Photographs of Life at Two Edges of the North American Plate
For her book Rift/Fault, Marion Belanger investigated landscapes along the San Andreas Fault in California and the Mid-Atlantic Rift in Iceland.

Incredible geological forces move miles below our feet, yet few of us spend much time considering Earth’s tectonic plates and liquid mantle. Only when a volcano spits ash and lava or an earthquake rattles a city do we collectively remember. For those who live along the rifts and faults, however, that activity is harder to forget. Between 2006 and 2012, photographer Marion Belanger investigated the landscapes at two edges of the North American Plate: the San Andreas Fault in California and the Mid-Atlantic Rift in Iceland.
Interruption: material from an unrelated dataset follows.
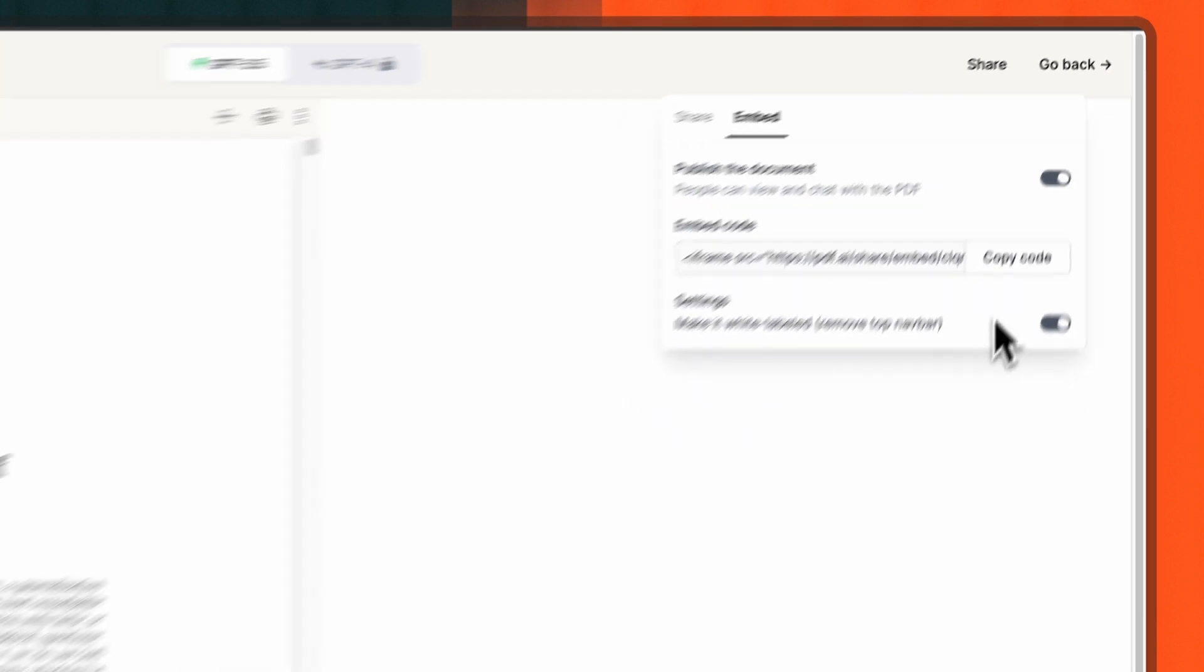And that's it! With these simple steps, you can provide your users with a unique, interactive experience when navigating through your PDF documents using the AI chatbot embed from PDF.AI.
Rift/Fault, recently released by Radius Books, contrasts 48 of Belanger’s photographs from those two precarious locales. A cracked concrete retaining wall in Hollister, California, where the Calaveras Fault is splitting the city in two, is juxtaposed with a burbling mud pool in the geothermal area of Hverir, Iceland. Other images offer panoramas of the seismic scenery, such as the landslide-prone cliff of Daly City, which is perched above the San Andreas, and a dark volcanic excavation site alongside small houses in Heimaey, which experienced an eruption on January 23, 1973 — without warning, volcanic ash swallowed 400 of the island’s homes, creating a modern-day Pompeii. In another spread, Belanger compares a consumed Heimaey house with an empty one in San Bernardino, where the economic crisis stalled development.
Fog and mist, captured in cool light, visually connect these distant edges of the North American Plate, although Rift/Fault feels more like two books in its design. The California and Iceland photographs are sewn separately on either side of the hardcover monograph, so you can flip through them independently or as one. This makes it a little difficult to navigate the book except on a large table, and the captions and essay by art critic Lucy Lippard are presented in a separate pamphlet. Nevertheless, the book’s instability, with a physical chasm between its two subjects, reinforces the themes of Rift/Fault. It’s a photographic tour of places where humans continue to build, whether subdivisions or geothermal plants, even as recent histories of tsunamis and lava flows are visible. As Lippard writes in her essay:
Iceland, with its geothermal energy, hydroelectric, and wind farms (less than 0.1% of its power comes from fossil fuels) is a model for the rest of the world, especially as California burns. But it’s a trade-off. Unlike climate change and so many other vital ecological issues, there is nothing we can do about the great beast stirring restlessly beneath our feet, beneath our lives. It is what it is.
She adds, though, that this “powerlessness can remind us of what we can change.” Through mundane details of cactus farms and grand vistas of rocky boundaries, Belanger’s photographs add to our visual understanding of the colossal shifting of plates below the Earth’s surface.










Marion Belanger: Rift/Fault is out now from Radius Books.